There's no secret that the team is in need of production defensively. Head coach Jim L. Mora and defensive coordinator Lou Spanos hope to execute and create a disruptive scheme that will focus upon causing havoc and getting after the opponent's quarterback.
Here's a look at five potential playmakers on the defensive side of the ball for the UCLA Bruins:
After the twosome, things get a bit dicey.
Depth at the position is somewhat of a concern due to injuries to multiple members of the secondary. With that in mind, incoming freshmen Ishmael Adams and Marcus Rios have the opportunity for playing time this season.
Rios has a long and lengthy build. His impressive wingspan allows for him to be effective on making plays when the ball is in the air. In addition, Rios was an early enrollee out of high school, and participated fully in spring practice. That experience should definitely help his prospects of playing early in his career.
While Rios might have a leg up with enrolling early, Adams is a polished prospect in his own right. He's stronger and bigger than the super-thin Rios, and is known for playing with controlled bouts of aggression and physicality.

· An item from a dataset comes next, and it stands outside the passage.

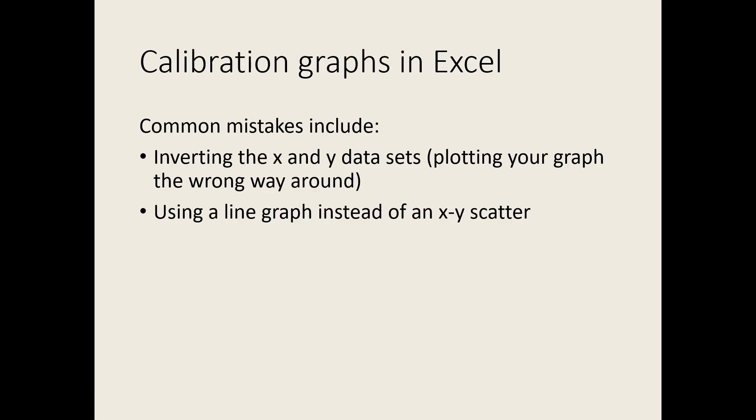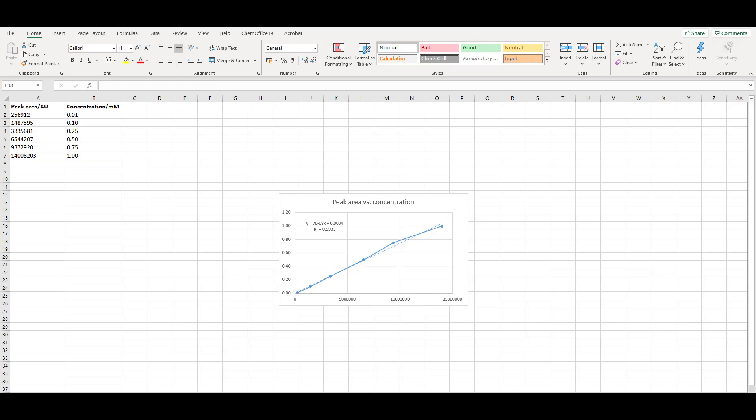Some common errors when plotting calibration graphs include plotting the data the wrong way around and using the wrong type of graph. If the data are the wrong way around, the graph will have the wrong variables on each axis, so you need to make sure you know what you're plotting on the X and Y axes.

Expect one of them (possibly along with fellow freshman Randall Goforth) to play this season. Depending on the health of fellow defensive backs Brandon Sermons and Anthony Jefferson, either freshman might be slotted in as the nickel back.
Eric Kendricks is definitely a known player amongst the Bruin fan base.
As a redshirt freshman last season, he led the team in tackles with 76. One thing to note is that he accomplished this feat in a reserve role.
Now in a starting role, expect him to build upon a strong freshman campaign.
When watching Kendricks play, there's no question that he plays with a great deal of energy and enthusiasm. He's constantly around the ball and demonstrated impressive instincts for such a young player.
He's also an incredibly physical football player—always attempting to strip ball carriers of the ball with the goal of creating turnovers.
With continued tutoring from linebackers coach and former NFL player Jeff Ulbrich, Kendricks should pick up the nuances and intricacies of the position—enhancing his game even more.
While he's not a secret to the UCLA faithful, he should gain notoriety throughout the conference with a strong season. He has the talent to be one of the better inside linebackers in the Pac-12.
It's almost unheard of for UCLA to land a 5-star defensive lineman. That's why the signing of Ellis McCarthy is such a significant deal.
The Monrovia, Calif. product possesses outstanding athleticism and quickness for a man 6'5" 330 pounds. He was literally a man amongst boys in high school, often disposing of lineman and rendering them useless.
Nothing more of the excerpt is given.